One of the key limiting factors threatening food security – as well as political and social stability – was water, he warrned.
Massive food shortages
In his speech, ‘Water – the linchpin of food security’, he urged industry, government and other stakeholders to act decisively to mitigate the massive food shortages that water scarcity would cause within the next 15–20 years.
“It is anticipated that there will be up to 30% shortfalls in global cereal production by 2030 due to water scarcity,” said Bulcke. “This is a loss equivalent to the entire grain crops of India and the United States combined. Resource shortages lead to price increases and volatility.”
Unless action was taken, consumers could face price rises of 200%. “Higher prices for staple cereals are not so much of a problem for the west, or for most people in Europe. But a price increase of more than 200% will certainly be felt when you have to spend 40 to 60% of your income on food, mostly staple food.”
Securing supplies of fresh water would be vital if food companies were to continue to produce enough affordable, high quality food for the rapidly rising global population.
“There will be a further 2.3bn people on the planet by 2050, adding to existing demand for food and energy,” he said.
“It is only by working together with policymakers, civil society, agriculture and other stakeholders at local and international levels that we can develop effective, coherent and concrete action.”
More effective international leadership
Bulcke said Nestlé had acted to put water on the political agenda but urged more effective international leadership. “We would like to see more governance of governments – more of a long-term perspective. Politicians are adopting a shorter and shorter time frame. Companies like ours should take a longer perspective.”
During the panel debate after the lecture, Carl Atkin, co-founder of international agri-business management consultancy KinnAgri, backed the call for more effective leadership.
“We don’t have effective multinational strategies to tackle the challenge of water shortage,” he said. “We need better international leadership and co-ordination on water.

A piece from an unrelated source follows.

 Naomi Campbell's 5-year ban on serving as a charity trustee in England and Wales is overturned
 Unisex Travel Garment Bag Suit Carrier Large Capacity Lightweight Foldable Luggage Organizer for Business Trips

Difficult long-term decisions are often pushed into the long grass.”
Professor Tim Benton, of Leeds University and champion of the UK Global Food Security Programme, said a fundamental change of attitude was needed.
“I despair [of resolving this problem] until we can get to the point where we think; this is not our water, it is our children’s and our grandchildren’s water.”
That would mean using water wisely and not eating too much food, he added.
Neither would global warming and increased rainfall boost the supply of water, he said. “Global warming will lead to less water not more water because of water run off.”